Required work:
Beginning with the line that holds "Theo Walcott insists" and finishing with the line that holds "contract dispute", repeat the listing exactly, leaving every picture out.

Exercise data:
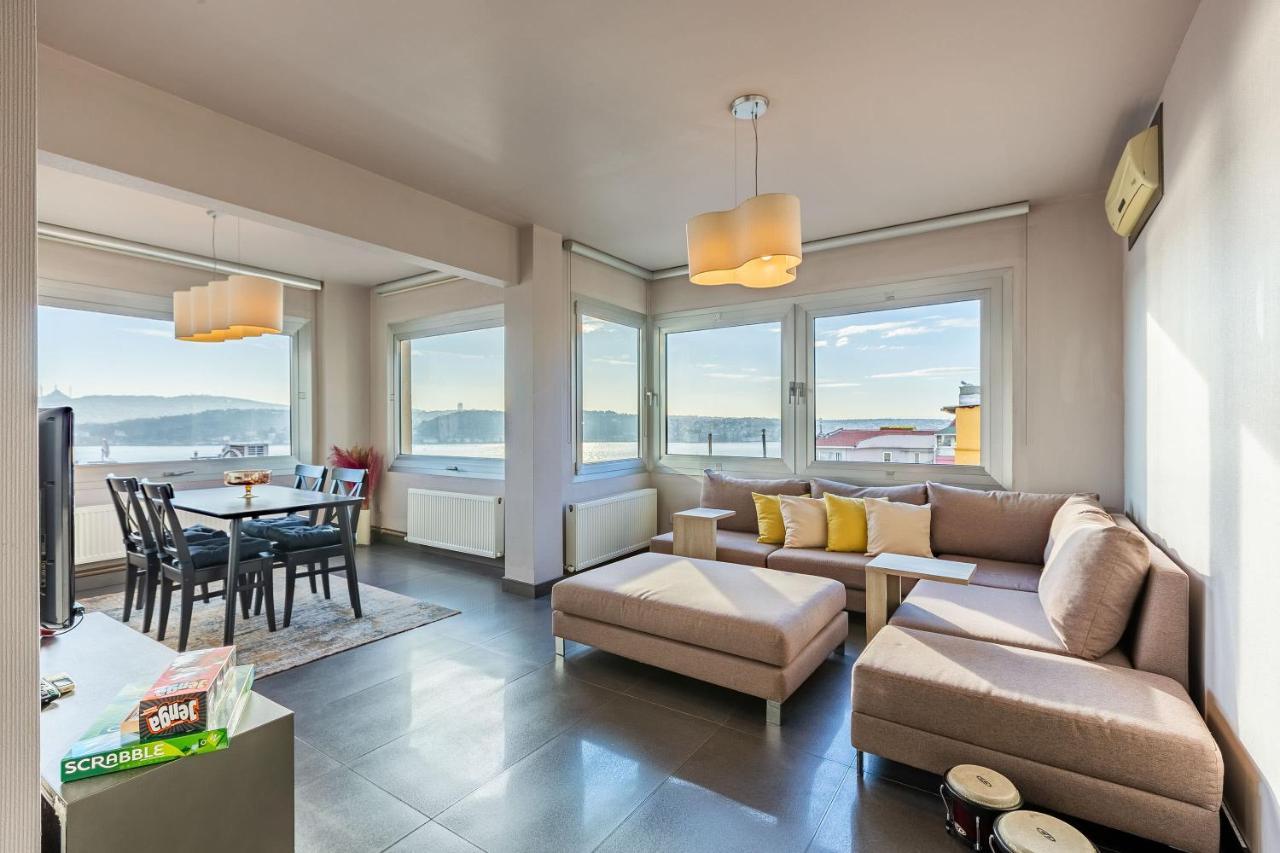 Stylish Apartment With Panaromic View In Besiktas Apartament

==

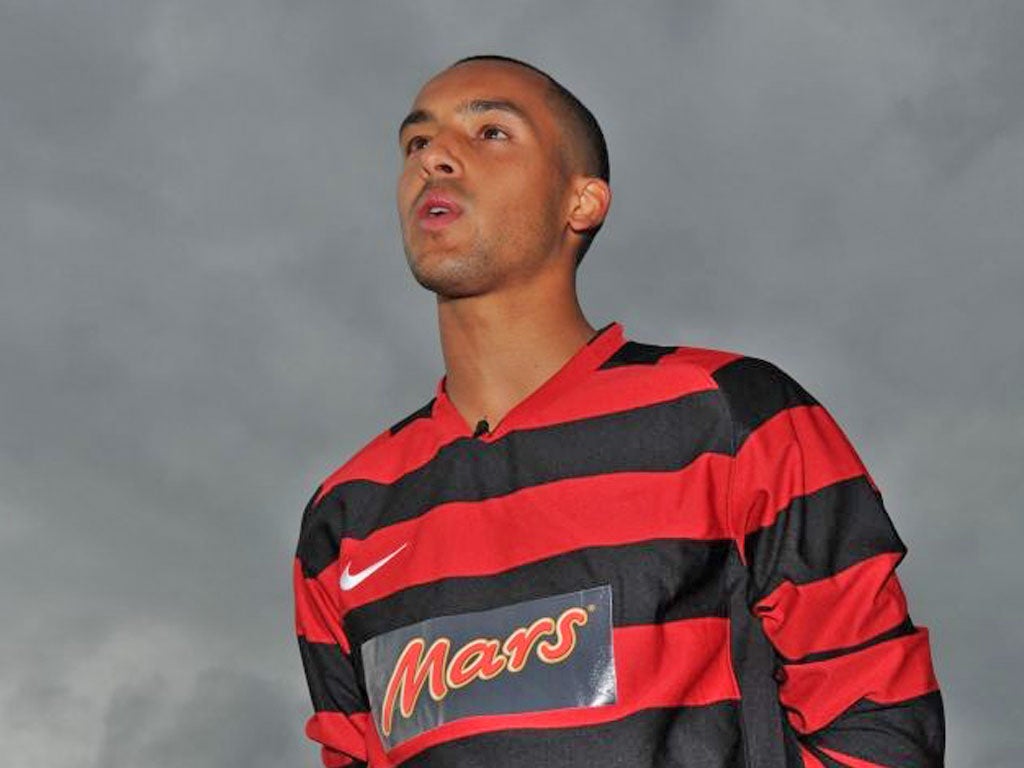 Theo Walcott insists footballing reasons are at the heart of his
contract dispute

---

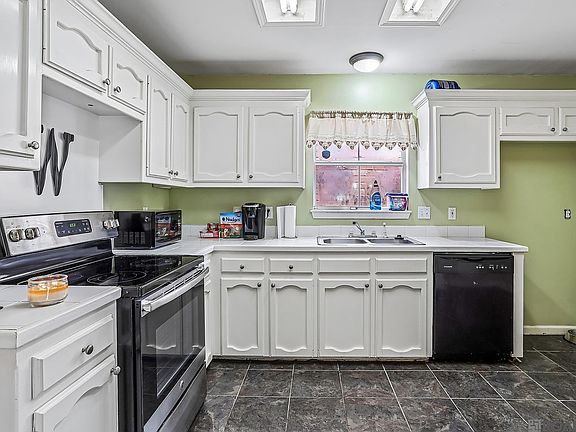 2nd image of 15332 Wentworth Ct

Exercise response:
 Theo Walcott insists footballing reasons are at the heart of his
contract dispute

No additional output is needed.